Lines to restate from the data below: from the one containing "Smiling Woman Offering" to the one containing "Fienza SM150CD Fingerpull", both included. Give them again exactly, and only them.

* * * * * * *

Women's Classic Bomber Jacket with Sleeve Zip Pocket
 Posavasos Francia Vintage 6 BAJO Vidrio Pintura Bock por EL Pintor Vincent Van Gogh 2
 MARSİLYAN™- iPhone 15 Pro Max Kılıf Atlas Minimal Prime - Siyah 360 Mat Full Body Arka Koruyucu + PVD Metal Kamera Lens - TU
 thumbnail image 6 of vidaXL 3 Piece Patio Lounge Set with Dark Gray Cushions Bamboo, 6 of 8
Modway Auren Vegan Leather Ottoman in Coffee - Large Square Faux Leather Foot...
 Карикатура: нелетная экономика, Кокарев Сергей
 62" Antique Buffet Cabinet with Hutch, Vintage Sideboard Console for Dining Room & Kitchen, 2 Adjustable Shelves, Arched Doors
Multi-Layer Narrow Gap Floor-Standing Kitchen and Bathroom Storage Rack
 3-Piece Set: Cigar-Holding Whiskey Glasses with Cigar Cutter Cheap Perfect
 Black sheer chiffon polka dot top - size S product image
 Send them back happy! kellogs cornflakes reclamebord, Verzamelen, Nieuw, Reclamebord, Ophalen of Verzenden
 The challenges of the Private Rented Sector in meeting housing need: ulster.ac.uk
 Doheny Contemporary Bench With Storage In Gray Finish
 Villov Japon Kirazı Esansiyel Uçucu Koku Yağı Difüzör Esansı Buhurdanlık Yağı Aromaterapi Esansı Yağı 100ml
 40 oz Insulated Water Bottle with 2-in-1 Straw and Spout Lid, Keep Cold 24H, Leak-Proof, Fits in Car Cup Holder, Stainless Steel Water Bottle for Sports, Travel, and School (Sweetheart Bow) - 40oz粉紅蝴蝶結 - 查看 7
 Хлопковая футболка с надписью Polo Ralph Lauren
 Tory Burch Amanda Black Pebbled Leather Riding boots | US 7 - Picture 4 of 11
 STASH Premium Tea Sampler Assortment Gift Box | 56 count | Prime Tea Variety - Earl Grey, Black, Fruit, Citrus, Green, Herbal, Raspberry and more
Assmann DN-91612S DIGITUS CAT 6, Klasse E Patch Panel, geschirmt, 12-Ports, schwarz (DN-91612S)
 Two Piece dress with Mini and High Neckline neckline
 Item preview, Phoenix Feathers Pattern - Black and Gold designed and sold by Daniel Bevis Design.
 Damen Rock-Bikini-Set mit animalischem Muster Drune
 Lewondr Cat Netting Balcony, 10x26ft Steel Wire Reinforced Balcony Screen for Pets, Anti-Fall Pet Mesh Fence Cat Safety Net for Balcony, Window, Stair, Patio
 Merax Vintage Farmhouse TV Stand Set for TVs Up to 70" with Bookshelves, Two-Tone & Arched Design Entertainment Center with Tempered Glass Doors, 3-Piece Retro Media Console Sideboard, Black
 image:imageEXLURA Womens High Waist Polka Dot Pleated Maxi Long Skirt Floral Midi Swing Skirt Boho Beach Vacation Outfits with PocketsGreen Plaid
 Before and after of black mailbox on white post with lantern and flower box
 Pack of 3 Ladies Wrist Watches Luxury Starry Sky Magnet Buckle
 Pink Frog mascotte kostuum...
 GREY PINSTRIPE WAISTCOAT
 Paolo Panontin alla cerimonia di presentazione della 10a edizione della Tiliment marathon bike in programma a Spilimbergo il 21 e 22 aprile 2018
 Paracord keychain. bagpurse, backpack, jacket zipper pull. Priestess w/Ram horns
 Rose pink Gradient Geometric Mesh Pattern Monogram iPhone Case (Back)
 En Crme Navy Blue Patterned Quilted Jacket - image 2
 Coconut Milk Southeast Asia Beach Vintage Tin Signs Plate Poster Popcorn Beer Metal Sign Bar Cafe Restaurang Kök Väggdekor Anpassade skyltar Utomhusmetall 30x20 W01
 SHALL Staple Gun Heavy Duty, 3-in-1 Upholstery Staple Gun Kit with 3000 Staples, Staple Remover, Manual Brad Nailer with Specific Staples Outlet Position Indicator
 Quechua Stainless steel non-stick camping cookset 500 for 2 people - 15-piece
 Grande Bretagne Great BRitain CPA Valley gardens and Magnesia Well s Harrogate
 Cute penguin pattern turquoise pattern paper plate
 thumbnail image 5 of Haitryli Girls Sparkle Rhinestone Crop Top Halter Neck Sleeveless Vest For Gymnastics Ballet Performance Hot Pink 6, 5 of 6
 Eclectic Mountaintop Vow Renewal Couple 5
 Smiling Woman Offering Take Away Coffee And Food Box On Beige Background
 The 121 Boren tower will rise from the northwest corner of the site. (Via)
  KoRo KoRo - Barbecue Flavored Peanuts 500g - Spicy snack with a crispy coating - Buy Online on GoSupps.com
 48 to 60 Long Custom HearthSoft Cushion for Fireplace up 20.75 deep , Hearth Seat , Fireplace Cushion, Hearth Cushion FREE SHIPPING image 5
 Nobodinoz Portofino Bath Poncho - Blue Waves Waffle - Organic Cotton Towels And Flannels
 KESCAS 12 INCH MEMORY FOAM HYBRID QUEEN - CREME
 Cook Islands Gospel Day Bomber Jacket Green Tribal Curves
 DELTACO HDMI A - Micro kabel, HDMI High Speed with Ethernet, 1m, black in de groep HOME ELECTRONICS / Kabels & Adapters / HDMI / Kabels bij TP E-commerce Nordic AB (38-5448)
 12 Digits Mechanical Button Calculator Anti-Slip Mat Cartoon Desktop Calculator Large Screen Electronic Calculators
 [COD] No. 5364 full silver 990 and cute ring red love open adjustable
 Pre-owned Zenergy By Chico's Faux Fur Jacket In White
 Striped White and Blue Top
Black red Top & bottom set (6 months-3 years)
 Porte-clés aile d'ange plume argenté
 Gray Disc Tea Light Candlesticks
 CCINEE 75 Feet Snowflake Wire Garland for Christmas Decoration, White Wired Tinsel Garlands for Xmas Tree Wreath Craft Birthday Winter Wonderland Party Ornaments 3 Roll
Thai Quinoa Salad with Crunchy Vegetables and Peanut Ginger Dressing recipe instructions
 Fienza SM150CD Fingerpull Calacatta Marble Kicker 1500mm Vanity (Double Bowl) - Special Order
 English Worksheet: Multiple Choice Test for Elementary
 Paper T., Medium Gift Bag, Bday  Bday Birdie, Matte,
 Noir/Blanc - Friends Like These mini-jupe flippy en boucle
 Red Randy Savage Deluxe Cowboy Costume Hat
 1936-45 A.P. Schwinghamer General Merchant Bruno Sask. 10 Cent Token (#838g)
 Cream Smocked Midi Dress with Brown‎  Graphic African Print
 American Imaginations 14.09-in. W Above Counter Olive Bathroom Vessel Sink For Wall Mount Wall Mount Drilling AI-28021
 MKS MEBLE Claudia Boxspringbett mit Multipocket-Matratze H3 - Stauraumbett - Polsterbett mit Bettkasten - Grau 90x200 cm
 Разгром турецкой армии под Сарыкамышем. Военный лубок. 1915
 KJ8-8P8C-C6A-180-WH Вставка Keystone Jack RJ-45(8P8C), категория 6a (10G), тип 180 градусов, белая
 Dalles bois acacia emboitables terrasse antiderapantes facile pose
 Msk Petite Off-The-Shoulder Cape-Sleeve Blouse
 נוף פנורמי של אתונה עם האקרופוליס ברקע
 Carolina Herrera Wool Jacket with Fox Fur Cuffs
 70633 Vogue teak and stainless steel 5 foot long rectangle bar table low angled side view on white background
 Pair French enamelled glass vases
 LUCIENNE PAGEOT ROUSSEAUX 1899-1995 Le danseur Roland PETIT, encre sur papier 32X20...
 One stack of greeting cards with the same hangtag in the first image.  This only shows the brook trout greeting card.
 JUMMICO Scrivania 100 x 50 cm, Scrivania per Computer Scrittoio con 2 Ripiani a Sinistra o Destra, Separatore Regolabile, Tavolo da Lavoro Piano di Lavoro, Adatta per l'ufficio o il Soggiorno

* * * * * * *

# Response:
 Smiling Woman Offering Take Away Coffee And Food Box On Beige Background
 The 121 Boren tower will rise from the northwest corner of the site. (Via)
  KoRo KoRo - Barbecue Flavored Peanuts 500g - Spicy snack with a crispy coating - Buy Online on GoSupps.com
 48 to 60 Long Custom HearthSoft Cushion for Fireplace up 20.75 deep , Hearth Seat , Fireplace Cushion, Hearth Cushion FREE SHIPPING image 5
 Nobodinoz Portofino Bath Poncho - Blue Waves Waffle - Organic Cotton Towels And Flannels
 KESCAS 12 INCH MEMORY FOAM HYBRID QUEEN - CREME
 Cook Islands Gospel Day Bomber Jacket Green Tribal Curves
 DELTACO HDMI A - Micro kabel, HDMI High Speed with Ethernet, 1m, black in de groep HOME ELECTRONICS / Kabels & Adapters / HDMI / Kabels bij TP E-commerce Nordic AB (38-5448)
 12 Digits Mechanical Button Calculator Anti-Slip Mat Cartoon Desktop Calculator Large Screen Electronic Calculators
 [COD] No. 5364 full silver 990 and cute ring red love open adjustable
 Pre-owned Zenergy By Chico's Faux Fur Jacket In White
 Striped White and Blue Top
Black red Top & bottom set (6 months-3 years)
 Porte-clés aile d'ange plume argenté
 Gray Disc Tea Light Candlesticks
 CCINEE 75 Feet Snowflake Wire Garland for Christmas Decoration, White Wired Tinsel Garlands for Xmas Tree Wreath Craft Birthday Winter Wonderland Party Ornaments 3 Roll
Thai Quinoa Salad with Crunchy Vegetables and Peanut Ginger Dressing recipe instructions
 Fienza SM150CD Fingerpull Calacatta Marble Kicker 1500mm Vanity (Double Bowl) - Special Order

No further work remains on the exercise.